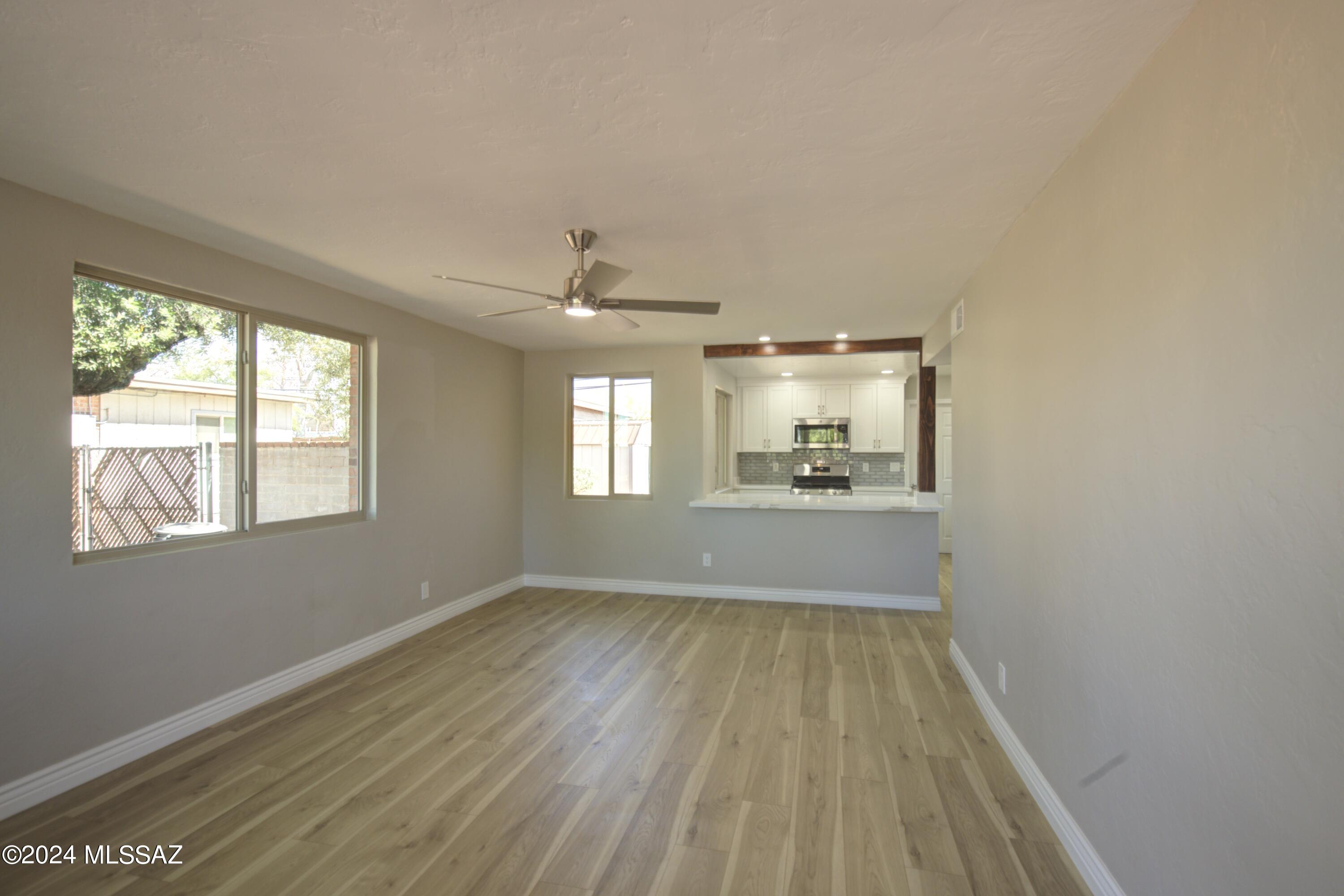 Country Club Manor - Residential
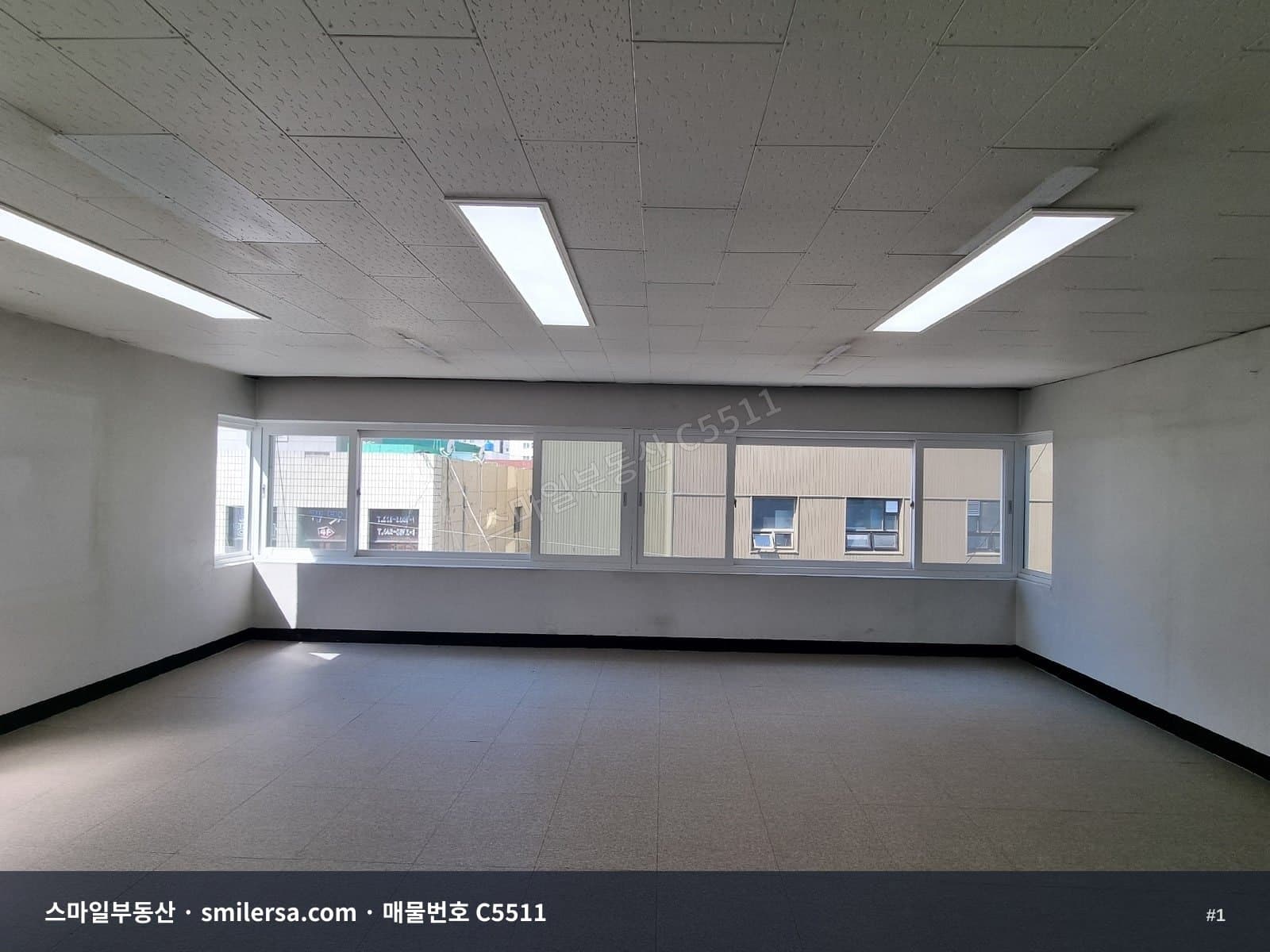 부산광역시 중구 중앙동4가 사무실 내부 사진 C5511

──────────

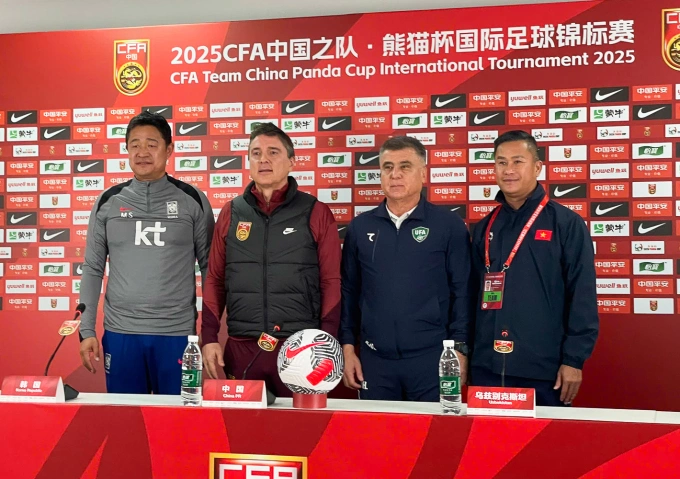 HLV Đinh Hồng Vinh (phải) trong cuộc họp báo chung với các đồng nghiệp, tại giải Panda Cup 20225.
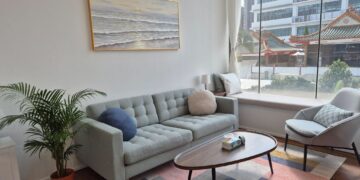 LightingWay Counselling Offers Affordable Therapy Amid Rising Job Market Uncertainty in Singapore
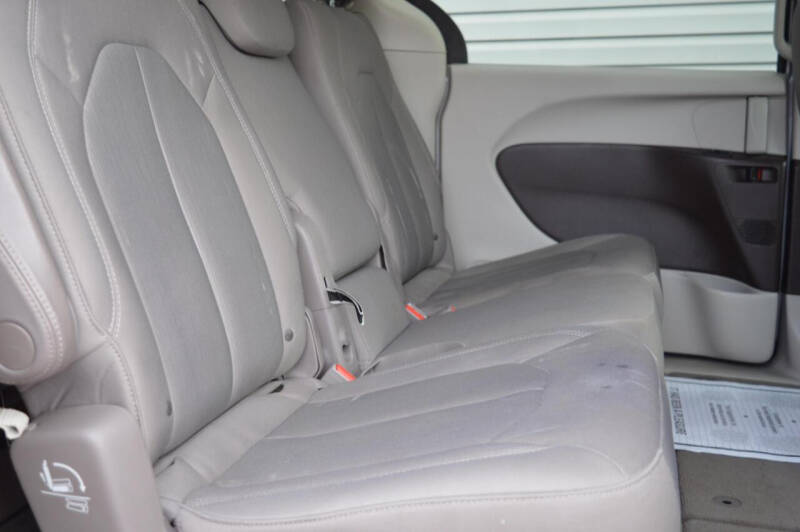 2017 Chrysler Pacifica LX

──────────

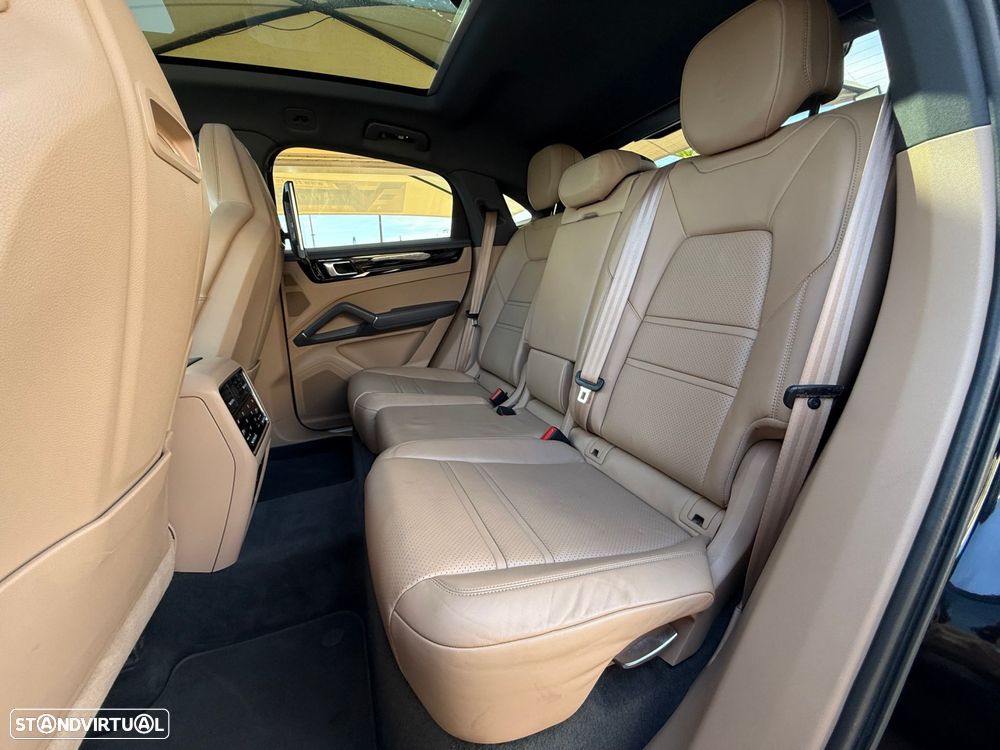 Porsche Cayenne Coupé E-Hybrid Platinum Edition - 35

──────────

Work task:
For the entries above, print exactly the lines between the one with "Country Club Manor - Residential" and the one with "부산광역시 중구 중앙동4가 사무실 내부 사진 C5511", inclusive, with no pictures.

Answer for the task:
 Country Club Manor - Residential
 부산광역시 중구 중앙동4가 사무실 내부 사진 C5511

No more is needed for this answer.